Image-caption web data
⁂

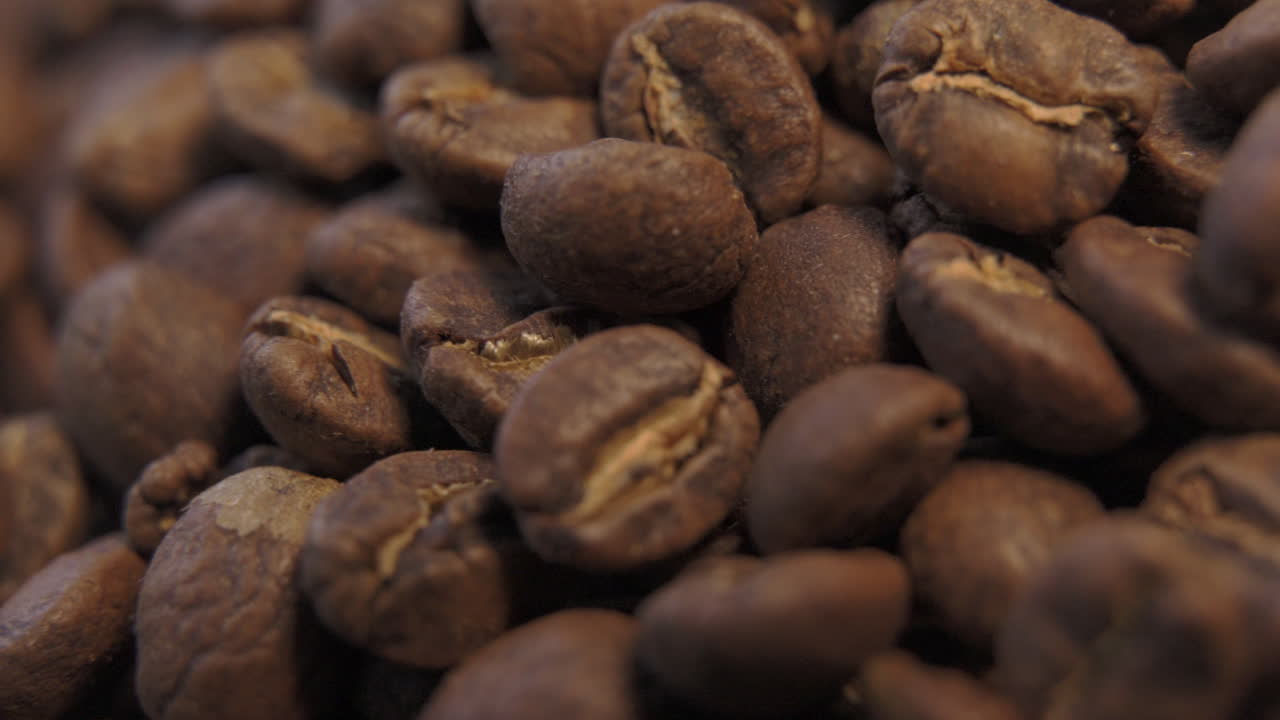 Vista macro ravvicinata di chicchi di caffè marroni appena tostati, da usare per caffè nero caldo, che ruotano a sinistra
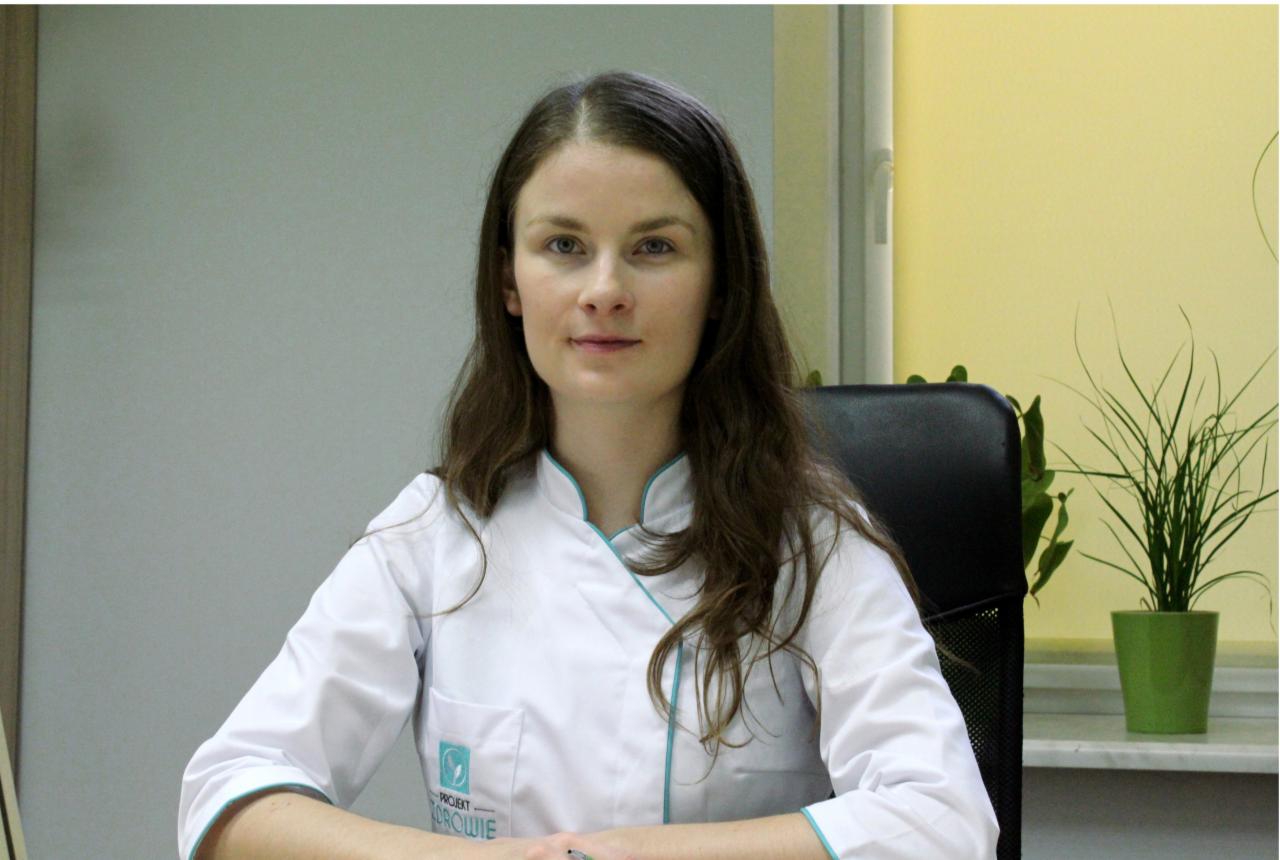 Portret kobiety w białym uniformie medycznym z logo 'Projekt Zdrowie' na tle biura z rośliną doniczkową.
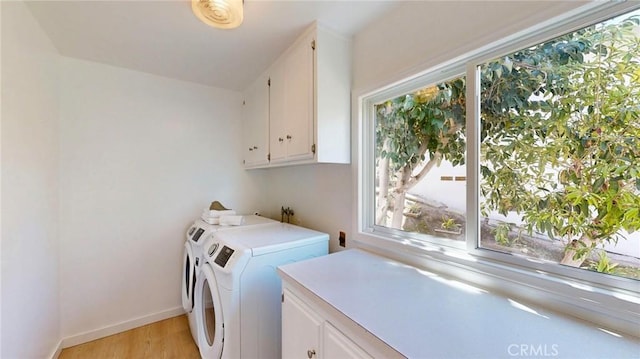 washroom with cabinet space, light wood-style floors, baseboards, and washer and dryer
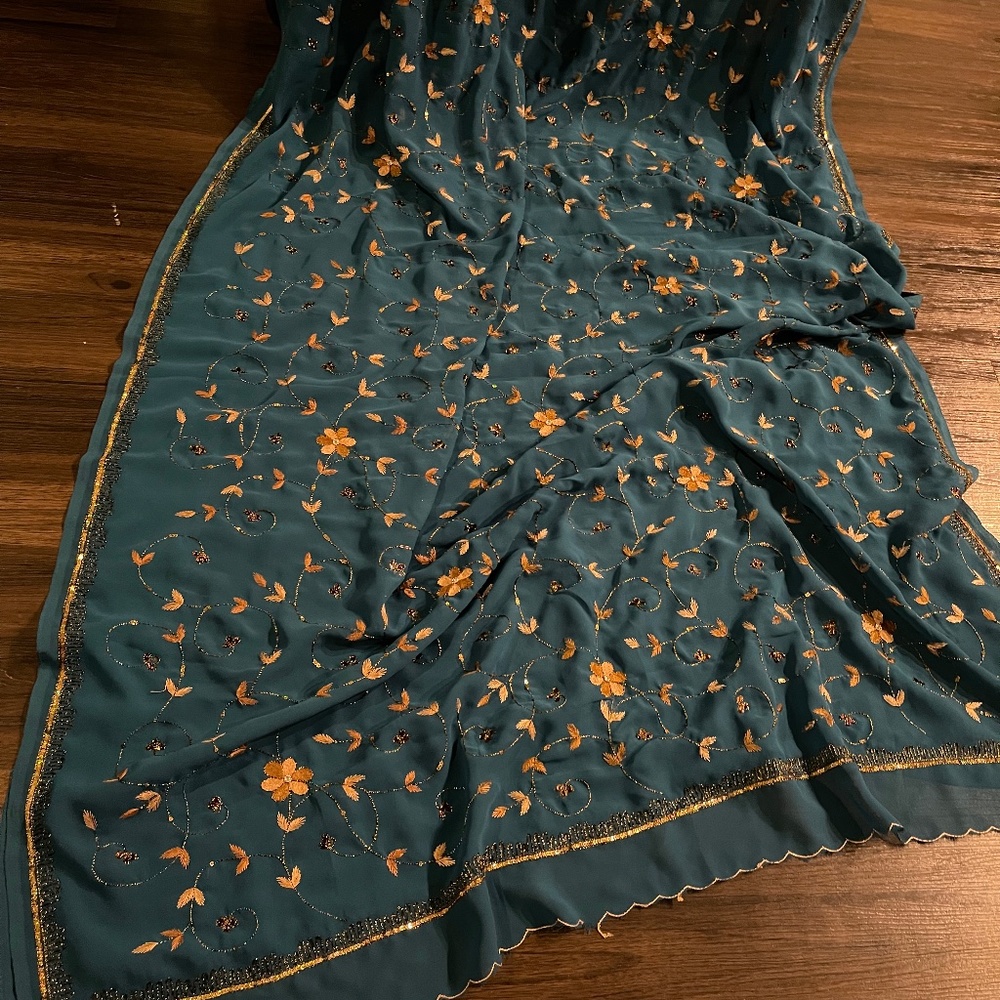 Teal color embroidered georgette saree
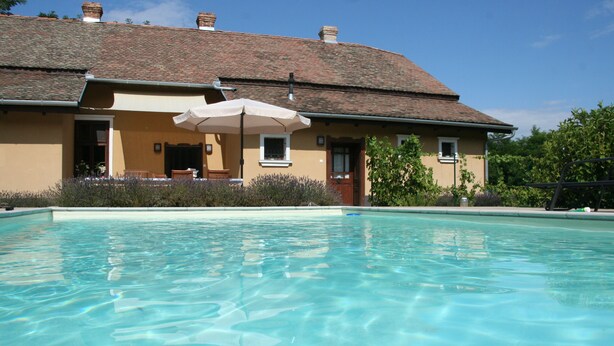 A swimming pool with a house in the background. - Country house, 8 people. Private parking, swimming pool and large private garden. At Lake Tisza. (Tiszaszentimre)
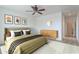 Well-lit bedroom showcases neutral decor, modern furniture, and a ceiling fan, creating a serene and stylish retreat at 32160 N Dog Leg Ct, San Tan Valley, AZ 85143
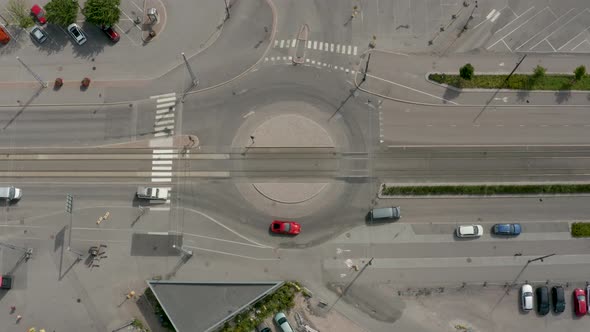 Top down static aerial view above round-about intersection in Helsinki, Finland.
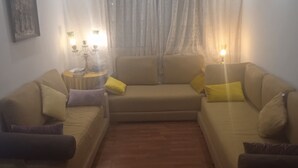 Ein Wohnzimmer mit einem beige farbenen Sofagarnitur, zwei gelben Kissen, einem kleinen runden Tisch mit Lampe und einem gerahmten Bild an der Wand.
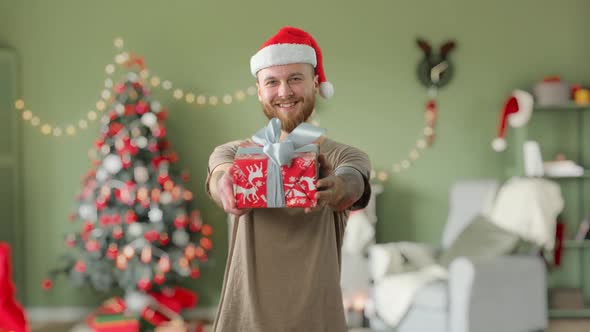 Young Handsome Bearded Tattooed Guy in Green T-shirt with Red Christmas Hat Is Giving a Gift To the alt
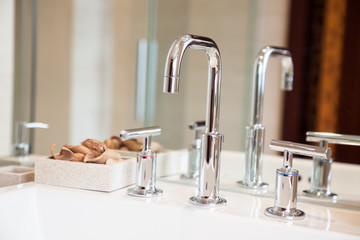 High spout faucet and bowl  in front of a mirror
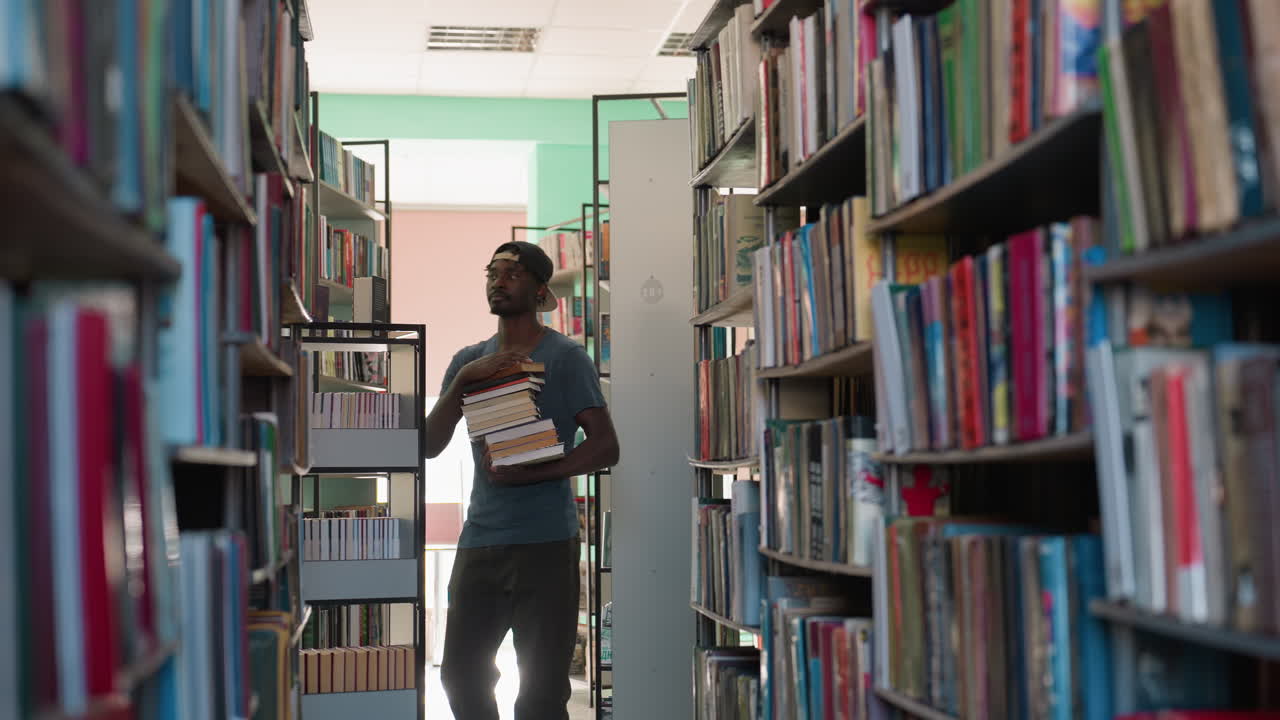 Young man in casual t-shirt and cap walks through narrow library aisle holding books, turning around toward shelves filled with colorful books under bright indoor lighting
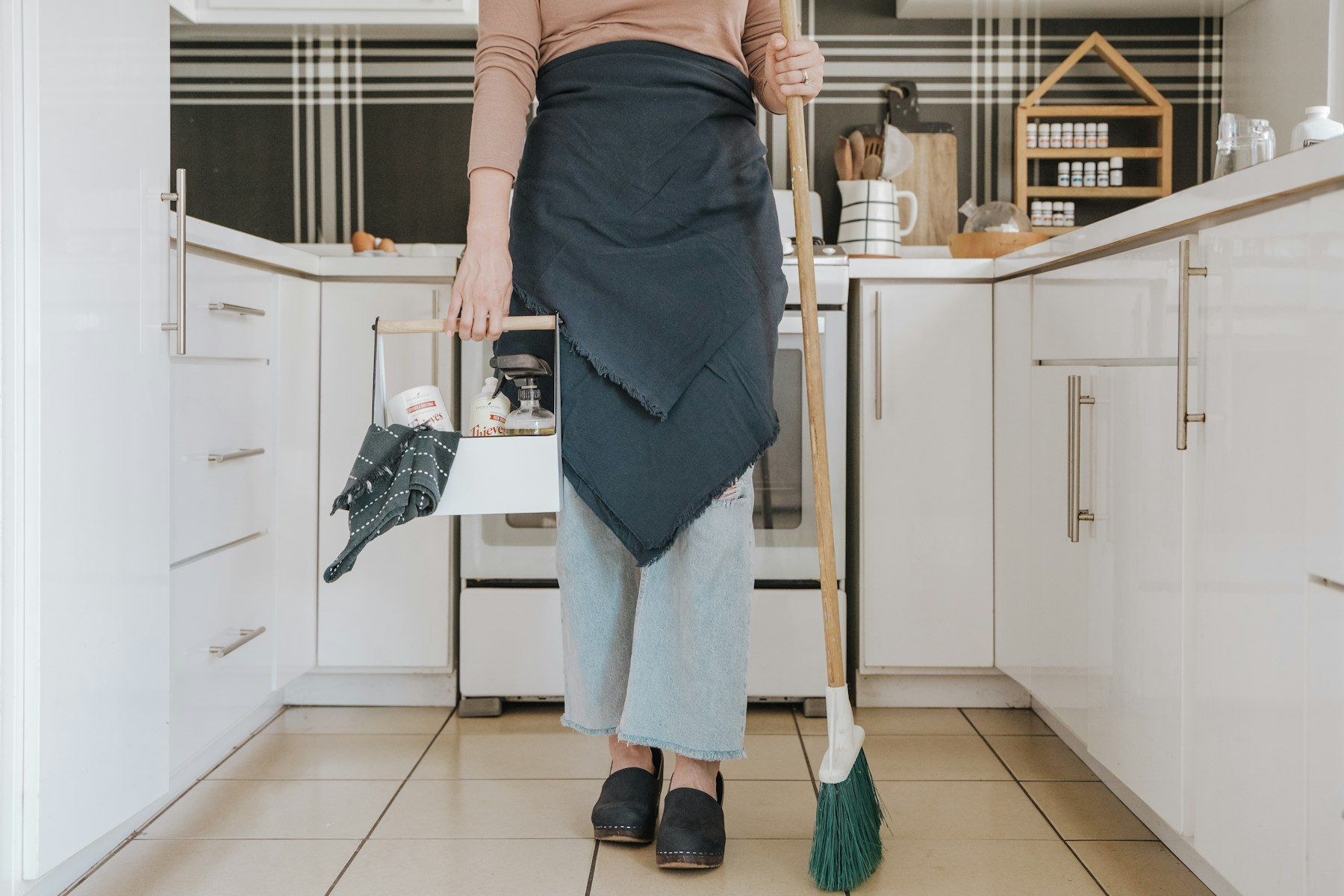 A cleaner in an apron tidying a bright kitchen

⁂

Work order
From the first line of the entries down to the line with "Well-lit bedroom showcases", print each line exactly; omit any picture.

Result of this exercise
 Vista macro ravvicinata di chicchi di caffè marroni appena tostati, da usare per caffè nero caldo, che ruotano a sinistra
 Portret kobiety w białym uniformie medycznym z logo 'Projekt Zdrowie' na tle biura z rośliną doniczkową.
 washroom with cabinet space, light wood-style floors, baseboards, and washer and dryer
 Teal color embroidered georgette saree
 A swimming pool with a house in the background. - Country house, 8 people. Private parking, swimming pool and large private garden. At Lake Tisza. (Tiszaszentimre)
 Well-lit bedroom showcases neutral decor, modern furniture, and a ceiling fan, creating a serene and stylish retreat at 32160 N Dog Leg Ct, San Tan Valley, AZ 85143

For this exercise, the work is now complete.